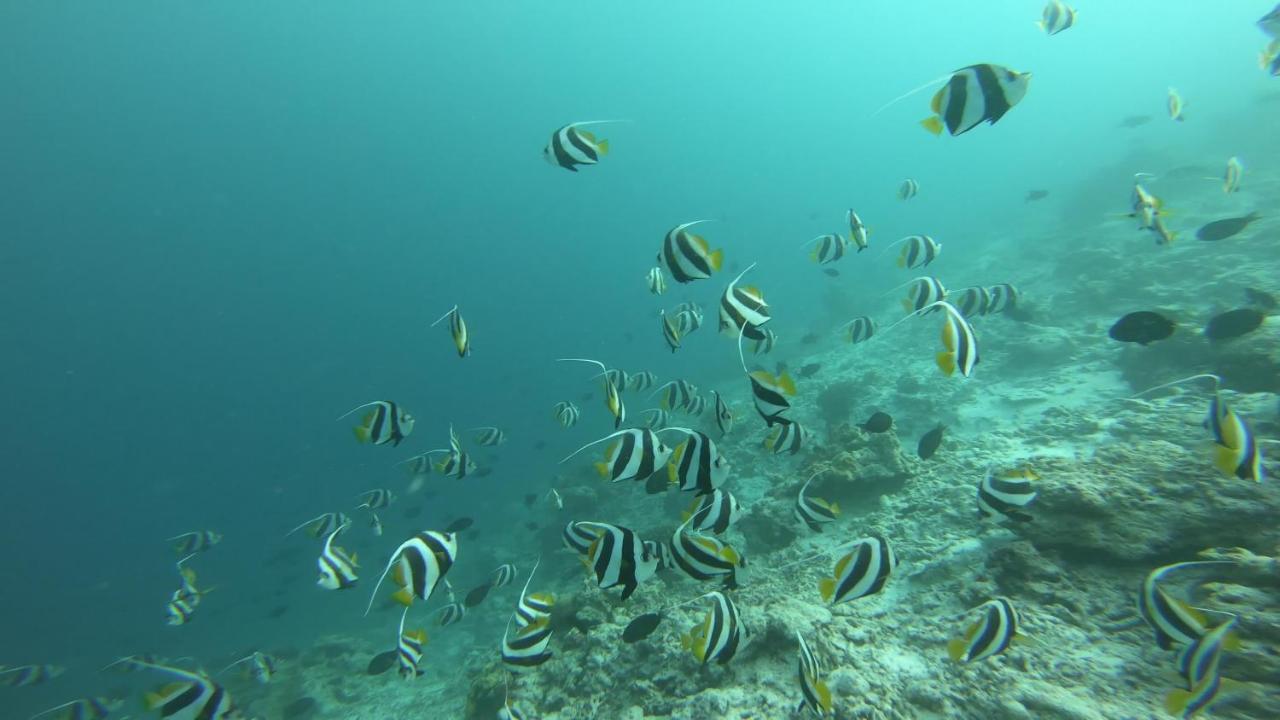 Dhangethi Inn Luaran gambar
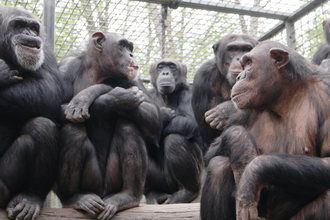 Tierpark Leintalzoo | Schwaigern | HeilbronnerLand | © Leintalzoo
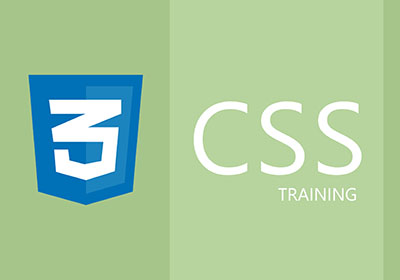 CSS Training in Gurgaon
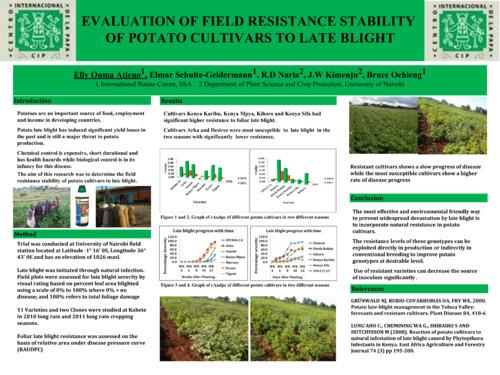 Evaluation of field resistance stability of potato cultivars to late blight.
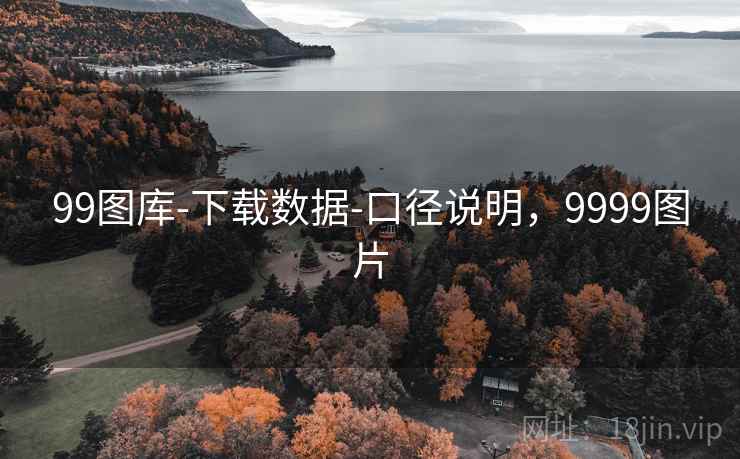 99图库-下载数据-口径说明，9999图片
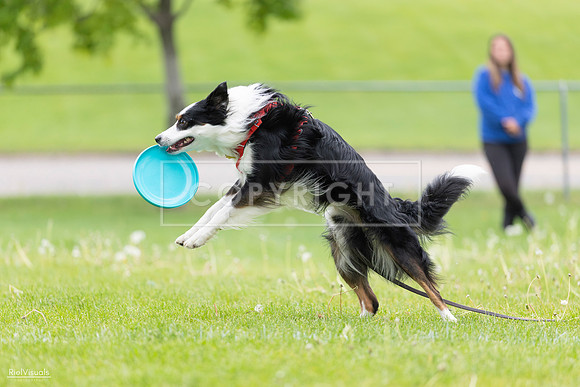 RielVisuals_20260518_175416_SJR_1827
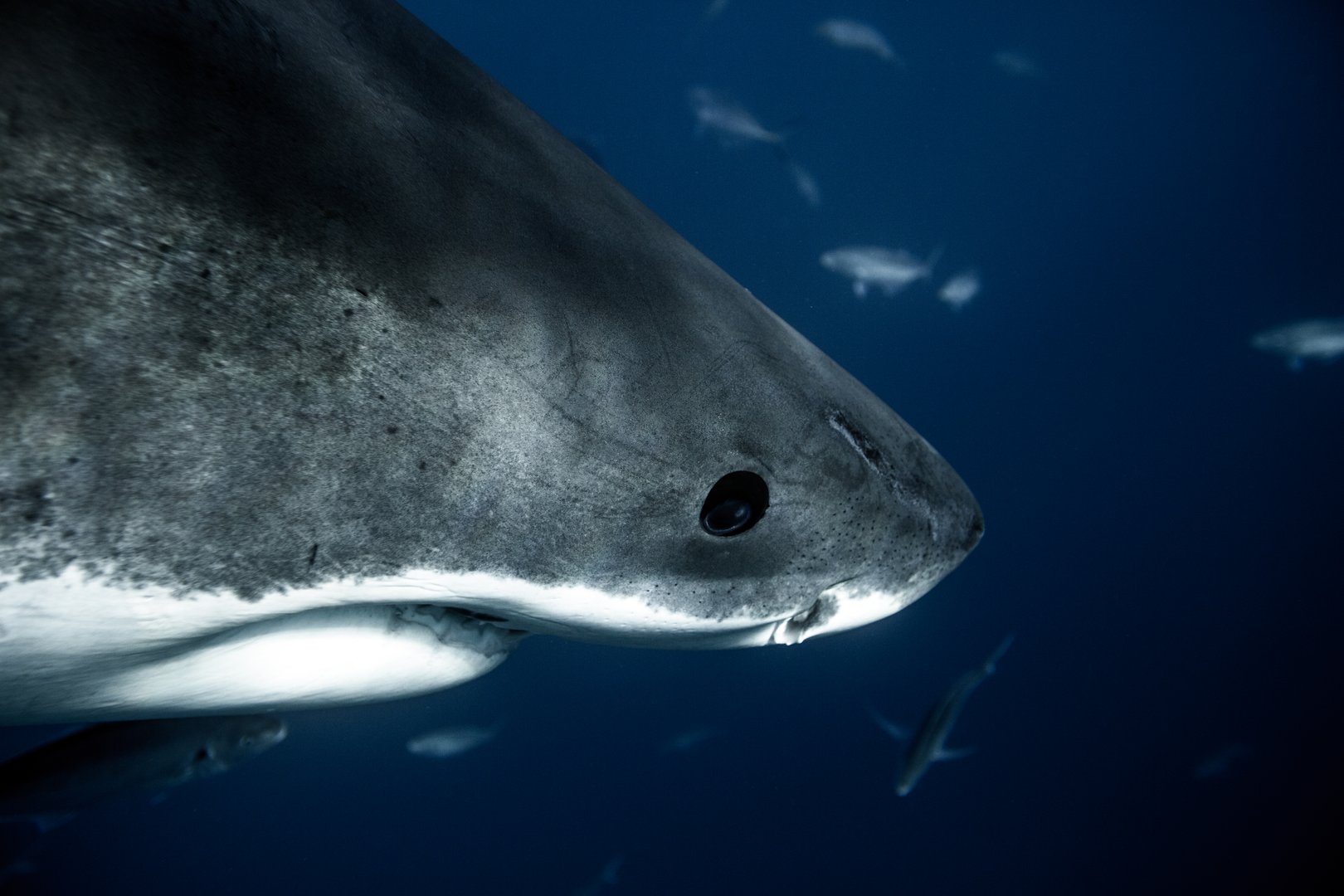 Great white photographed swimming the blue ocean waters of South Australia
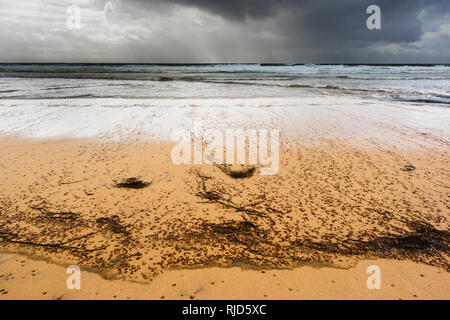 Fanore Beach, dem Burren, Co. Clare, Irland Stockfoto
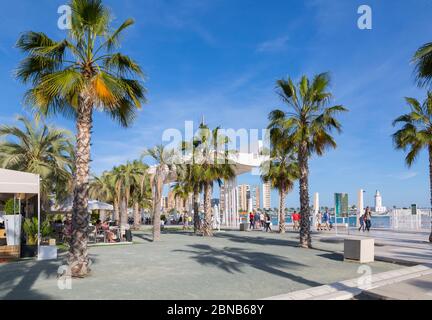 Vue sur le Paseo del Muelle Uno à Malaga Marina, Malaga, Costa del sol, Andalousie, Espagne, Europe Banque D'Images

##########

### Task to carry out
Without including any pictures, set down word for word every line from the one containing "99图库-下载数据-口径说明，9999图片" through the last line of the material.

### Result for this task
 99图库-下载数据-口径说明，9999图片
 RielVisuals_20260518_175416_SJR_1827
 Great white photographed swimming the blue ocean waters of South Australia
 Fanore Beach, dem Burren, Co. Clare, Irland Stockfoto
 Vue sur le Paseo del Muelle Uno à Malaga Marina, Malaga, Costa del sol, Andalousie, Espagne, Europe Banque D'Images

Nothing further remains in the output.